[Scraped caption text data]
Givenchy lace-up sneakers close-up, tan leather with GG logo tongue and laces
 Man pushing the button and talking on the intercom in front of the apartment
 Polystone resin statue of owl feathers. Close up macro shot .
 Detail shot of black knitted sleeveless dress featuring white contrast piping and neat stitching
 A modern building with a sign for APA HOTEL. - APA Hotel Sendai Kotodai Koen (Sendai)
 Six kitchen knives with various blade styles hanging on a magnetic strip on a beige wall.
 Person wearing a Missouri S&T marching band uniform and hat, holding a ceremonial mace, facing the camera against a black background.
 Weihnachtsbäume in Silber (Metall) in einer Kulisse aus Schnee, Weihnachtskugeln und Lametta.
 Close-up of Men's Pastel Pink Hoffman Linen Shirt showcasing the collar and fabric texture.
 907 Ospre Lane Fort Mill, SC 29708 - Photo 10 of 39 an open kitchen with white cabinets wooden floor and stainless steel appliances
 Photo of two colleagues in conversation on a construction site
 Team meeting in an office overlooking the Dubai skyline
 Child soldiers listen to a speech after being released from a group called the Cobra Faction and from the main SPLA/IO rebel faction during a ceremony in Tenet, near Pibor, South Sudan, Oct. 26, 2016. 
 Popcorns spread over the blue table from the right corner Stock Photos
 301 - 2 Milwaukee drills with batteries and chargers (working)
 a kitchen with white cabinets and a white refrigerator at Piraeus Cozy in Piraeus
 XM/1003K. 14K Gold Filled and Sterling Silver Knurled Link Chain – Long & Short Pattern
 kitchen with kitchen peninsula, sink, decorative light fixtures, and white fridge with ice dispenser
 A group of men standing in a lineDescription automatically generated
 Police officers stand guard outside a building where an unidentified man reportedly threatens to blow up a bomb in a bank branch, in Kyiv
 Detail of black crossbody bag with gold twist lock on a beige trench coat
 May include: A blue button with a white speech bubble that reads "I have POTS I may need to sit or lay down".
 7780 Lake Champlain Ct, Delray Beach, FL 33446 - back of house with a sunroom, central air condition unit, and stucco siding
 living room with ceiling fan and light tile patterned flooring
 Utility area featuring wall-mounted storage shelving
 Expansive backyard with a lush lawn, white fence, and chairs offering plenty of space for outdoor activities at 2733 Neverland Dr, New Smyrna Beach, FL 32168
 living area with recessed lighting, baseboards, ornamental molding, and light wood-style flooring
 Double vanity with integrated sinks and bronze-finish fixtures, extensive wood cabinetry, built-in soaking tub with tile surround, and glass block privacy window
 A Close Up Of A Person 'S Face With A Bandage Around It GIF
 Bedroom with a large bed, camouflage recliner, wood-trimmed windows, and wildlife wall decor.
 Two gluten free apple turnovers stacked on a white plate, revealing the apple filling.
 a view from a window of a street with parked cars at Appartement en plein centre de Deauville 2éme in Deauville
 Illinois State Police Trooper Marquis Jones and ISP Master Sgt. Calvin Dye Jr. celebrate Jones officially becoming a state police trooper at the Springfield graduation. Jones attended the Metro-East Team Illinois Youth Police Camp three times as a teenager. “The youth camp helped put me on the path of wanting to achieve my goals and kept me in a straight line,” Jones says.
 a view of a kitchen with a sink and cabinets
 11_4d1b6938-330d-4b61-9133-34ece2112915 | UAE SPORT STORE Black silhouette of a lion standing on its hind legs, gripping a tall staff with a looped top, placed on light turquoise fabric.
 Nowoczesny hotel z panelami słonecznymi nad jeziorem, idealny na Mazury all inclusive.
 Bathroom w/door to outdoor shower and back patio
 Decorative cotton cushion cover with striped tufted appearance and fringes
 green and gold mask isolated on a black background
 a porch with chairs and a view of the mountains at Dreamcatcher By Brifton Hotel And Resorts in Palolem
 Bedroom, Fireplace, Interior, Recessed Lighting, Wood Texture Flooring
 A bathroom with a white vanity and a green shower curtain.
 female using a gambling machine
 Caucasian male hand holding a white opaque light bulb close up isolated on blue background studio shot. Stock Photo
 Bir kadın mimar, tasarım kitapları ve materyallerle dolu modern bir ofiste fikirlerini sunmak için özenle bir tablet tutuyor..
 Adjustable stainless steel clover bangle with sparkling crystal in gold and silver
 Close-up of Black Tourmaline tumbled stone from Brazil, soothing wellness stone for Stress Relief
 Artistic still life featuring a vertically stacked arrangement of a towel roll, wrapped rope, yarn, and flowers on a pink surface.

> _What to work on_: The answer should be the entries, given again without a single difference.

> _Your response_:
Givenchy lace-up sneakers close-up, tan leather with GG logo tongue and laces
 Man pushing the button and talking on the intercom in front of the apartment
 Polystone resin statue of owl feathers. Close up macro shot .
 Detail shot of black knitted sleeveless dress featuring white contrast piping and neat stitching
 A modern building with a sign for APA HOTEL. - APA Hotel Sendai Kotodai Koen (Sendai)
 Six kitchen knives with various blade styles hanging on a magnetic strip on a beige wall.
 Person wearing a Missouri S&T marching band uniform and hat, holding a ceremonial mace, facing the camera against a black background.
 Weihnachtsbäume in Silber (Metall) in einer Kulisse aus Schnee, Weihnachtskugeln und Lametta.
 Close-up of Men's Pastel Pink Hoffman Linen Shirt showcasing the collar and fabric texture.
 907 Ospre Lane Fort Mill, SC 29708 - Photo 10 of 39 an open kitchen with white cabinets wooden floor and stainless steel appliances
 Photo of two colleagues in conversation on a construction site
 Team meeting in an office overlooking the Dubai skyline
 Child soldiers listen to a speech after being released from a group called the Cobra Faction and from the main SPLA/IO rebel faction during a ceremony in Tenet, near Pibor, South Sudan, Oct. 26, 2016. 
 Popcorns spread over the blue table from the right corner Stock Photos
 301 - 2 Milwaukee drills with batteries and chargers (working)
 a kitchen with white cabinets and a white refrigerator at Piraeus Cozy in Piraeus
 XM/1003K. 14K Gold Filled and Sterling Silver Knurled Link Chain – Long & Short Pattern
 kitchen with kitchen peninsula, sink, decorative light fixtures, and white fridge with ice dispenser
 A group of men standing in a lineDescription automatically generated
 Police officers stand guard outside a building where an unidentified man reportedly threatens to blow up a bomb in a bank branch, in Kyiv
 Detail of black crossbody bag with gold twist lock on a beige trench coat
 May include: A blue button with a white speech bubble that reads "I have POTS I may need to sit or lay down".
 7780 Lake Champlain Ct, Delray Beach, FL 33446 - back of house with a sunroom, central air condition unit, and stucco siding
 living room with ceiling fan and light tile patterned flooring
 Utility area featuring wall-mounted storage shelving
 Expansive backyard with a lush lawn, white fence, and chairs offering plenty of space for outdoor activities at 2733 Neverland Dr, New Smyrna Beach, FL 32168
 living area with recessed lighting, baseboards, ornamental molding, and light wood-style flooring
 Double vanity with integrated sinks and bronze-finish fixtures, extensive wood cabinetry, built-in soaking tub with tile surround, and glass block privacy window
 A Close Up Of A Person 'S Face With A Bandage Around It GIF
 Bedroom with a large bed, camouflage recliner, wood-trimmed windows, and wildlife wall decor.
 Two gluten free apple turnovers stacked on a white plate, revealing the apple filling.
 a view from a window of a street with parked cars at Appartement en plein centre de Deauville 2éme in Deauville
 Illinois State Police Trooper Marquis Jones and ISP Master Sgt. Calvin Dye Jr. celebrate Jones officially becoming a state police trooper at the Springfield graduation. Jones attended the Metro-East Team Illinois Youth Police Camp three times as a teenager. “The youth camp helped put me on the path of wanting to achieve my goals and kept me in a straight line,” Jones says.
 a view of a kitchen with a sink and cabinets
 11_4d1b6938-330d-4b61-9133-34ece2112915 | UAE SPORT STORE Black silhouette of a lion standing on its hind legs, gripping a tall staff with a looped top, placed on light turquoise fabric.
 Nowoczesny hotel z panelami słonecznymi nad jeziorem, idealny na Mazury all inclusive.
 Bathroom w/door to outdoor shower and back patio
 Decorative cotton cushion cover with striped tufted appearance and fringes
 green and gold mask isolated on a black background
 a porch with chairs and a view of the mountains at Dreamcatcher By Brifton Hotel And Resorts in Palolem
 Bedroom, Fireplace, Interior, Recessed Lighting, Wood Texture Flooring
 A bathroom with a white vanity and a green shower curtain.
 female using a gambling machine
 Caucasian male hand holding a white opaque light bulb close up isolated on blue background studio shot. Stock Photo
 Bir kadın mimar, tasarım kitapları ve materyallerle dolu modern bir ofiste fikirlerini sunmak için özenle bir tablet tutuyor..
 Adjustable stainless steel clover bangle with sparkling crystal in gold and silver
 Close-up of Black Tourmaline tumbled stone from Brazil, soothing wellness stone for Stress Relief
 Artistic still life featuring a vertically stacked arrangement of a towel roll, wrapped rope, yarn, and flowers on a pink surface.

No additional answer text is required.